What you need to do:
Take the line that contains "Lumora – Party" and each one after it through the last line below, and retype them exactly. Leave out the pictures.

===== Records for processing

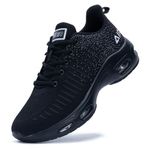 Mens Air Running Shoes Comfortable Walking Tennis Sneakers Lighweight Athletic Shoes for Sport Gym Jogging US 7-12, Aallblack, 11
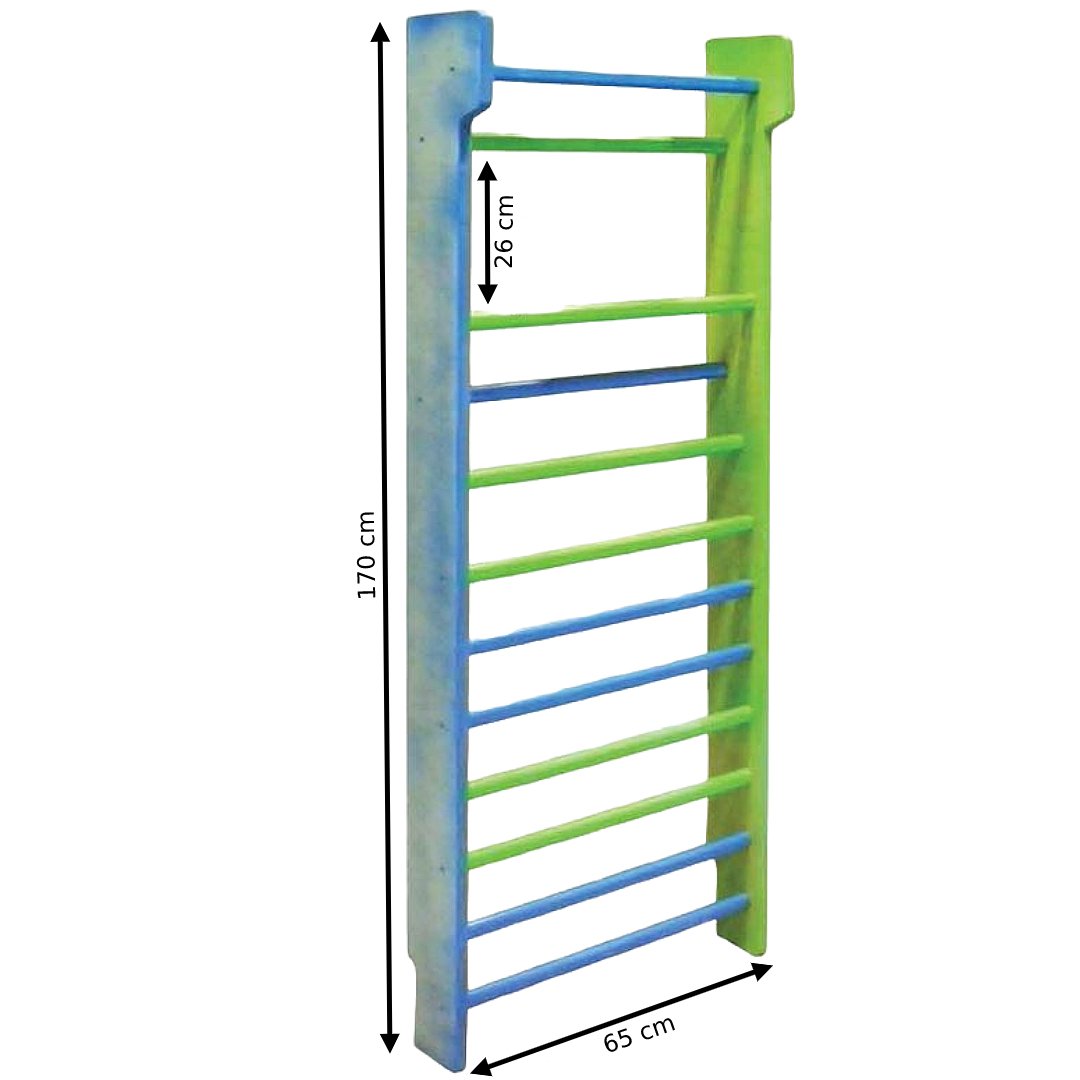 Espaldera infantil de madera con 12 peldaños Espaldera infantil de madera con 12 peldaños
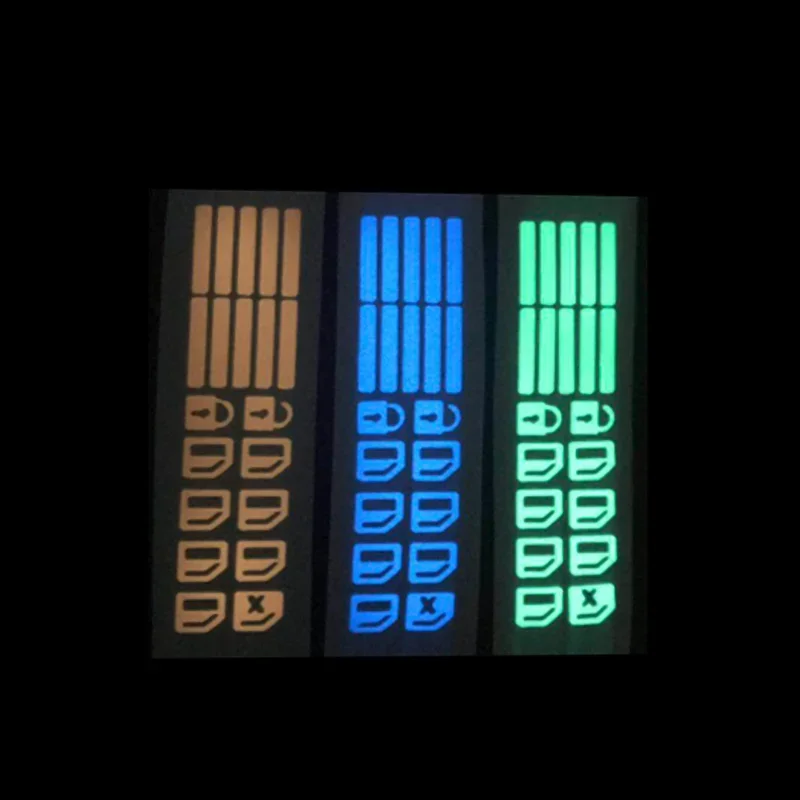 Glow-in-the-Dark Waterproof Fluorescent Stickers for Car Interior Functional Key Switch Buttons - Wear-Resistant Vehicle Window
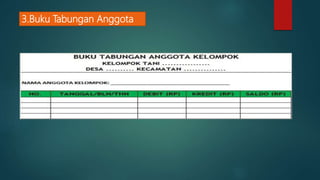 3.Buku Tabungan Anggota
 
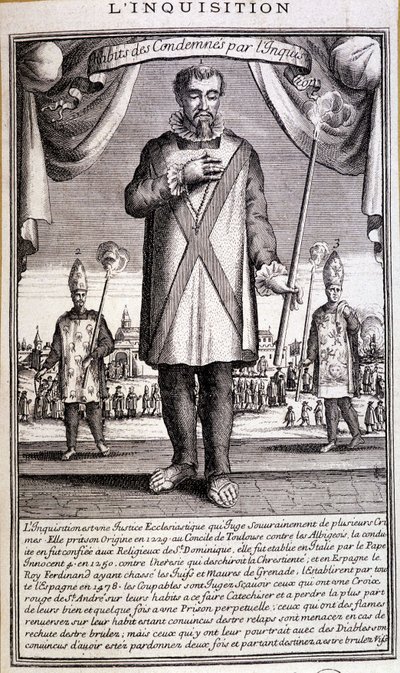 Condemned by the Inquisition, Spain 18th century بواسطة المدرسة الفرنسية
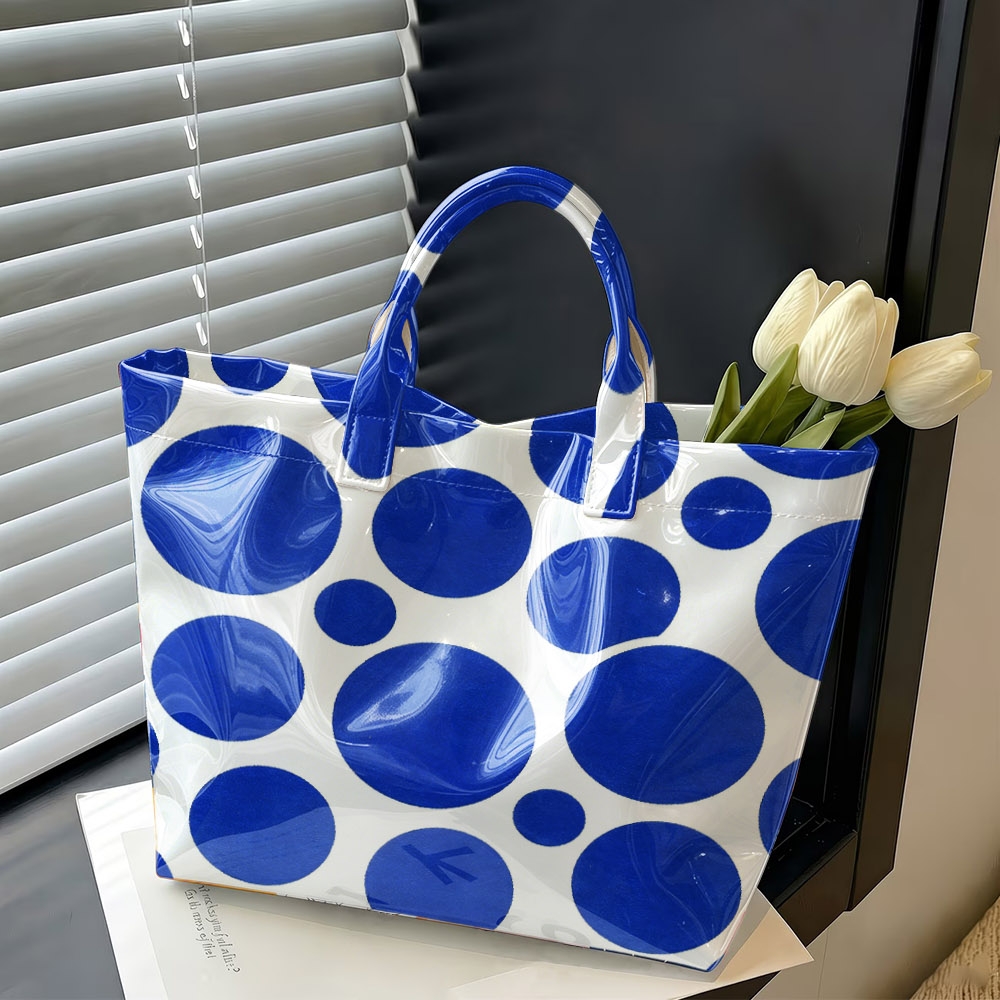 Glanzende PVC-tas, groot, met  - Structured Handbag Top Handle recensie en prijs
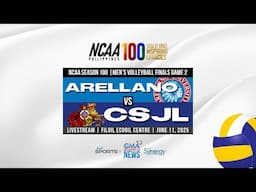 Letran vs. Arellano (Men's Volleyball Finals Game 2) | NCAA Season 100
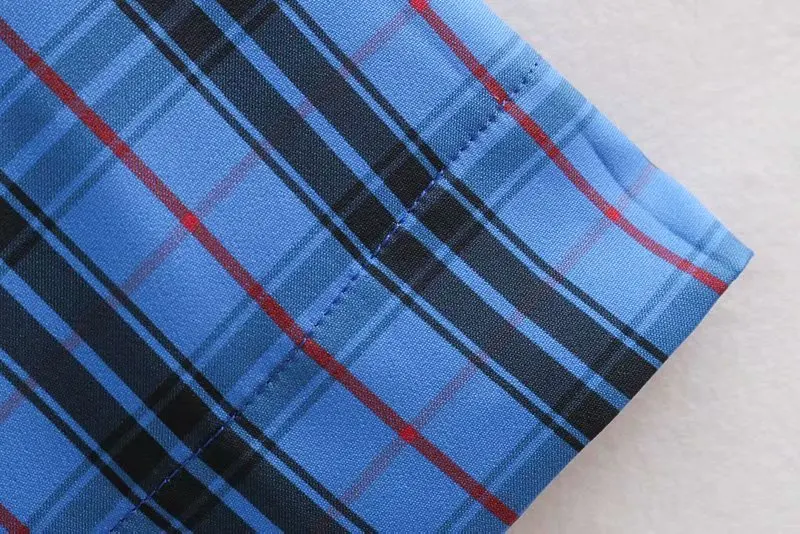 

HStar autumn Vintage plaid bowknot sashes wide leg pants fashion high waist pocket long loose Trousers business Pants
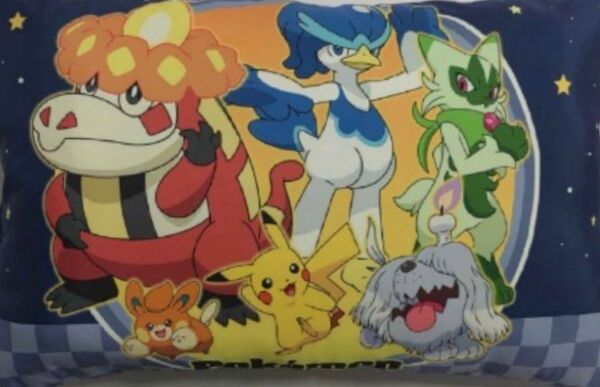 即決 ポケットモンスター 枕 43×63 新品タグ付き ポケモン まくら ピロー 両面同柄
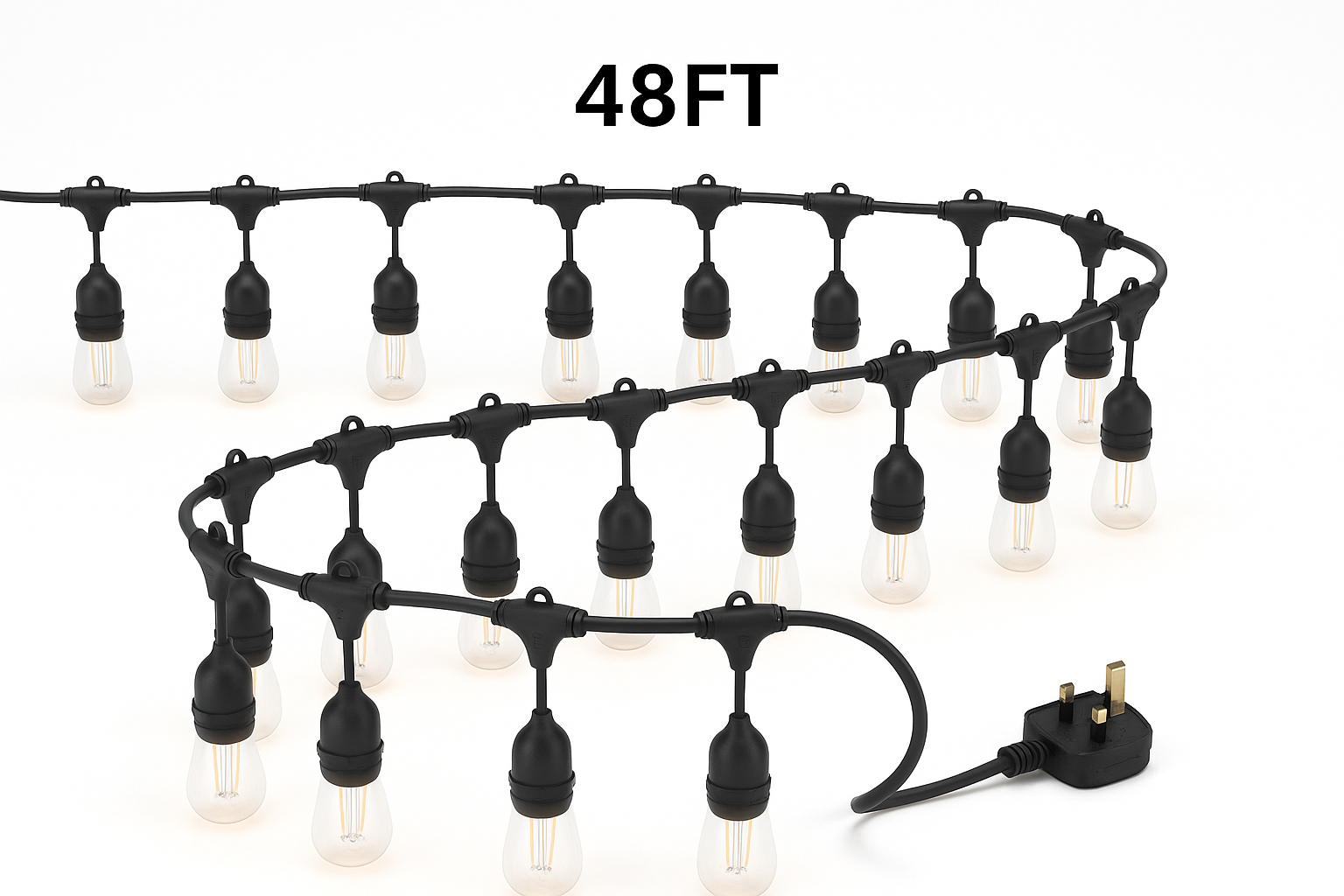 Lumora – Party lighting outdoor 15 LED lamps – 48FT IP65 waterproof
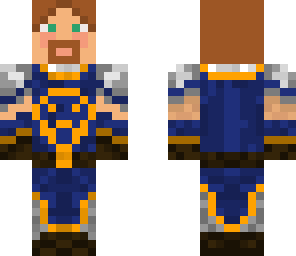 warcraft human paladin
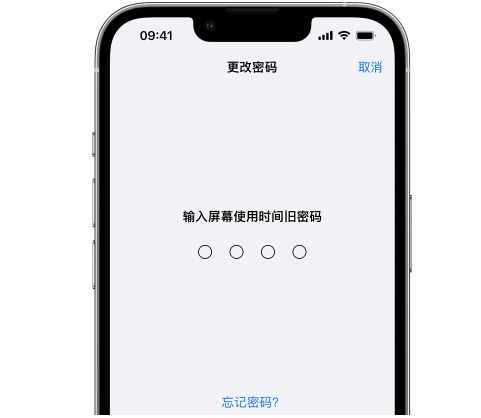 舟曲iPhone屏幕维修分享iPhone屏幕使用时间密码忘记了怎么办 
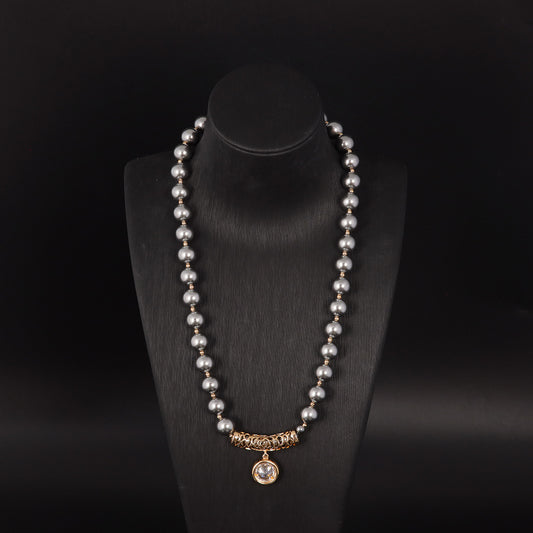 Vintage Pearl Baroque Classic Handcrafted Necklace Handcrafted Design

==========

Exercise result:
 Lumora – Party lighting outdoor 15 LED lamps – 48FT IP65 waterproof
 warcraft human paladin
 舟曲iPhone屏幕维修分享iPhone屏幕使用时间密码忘记了怎么办 
 Vintage Pearl Baroque Classic Handcrafted Necklace Handcrafted Design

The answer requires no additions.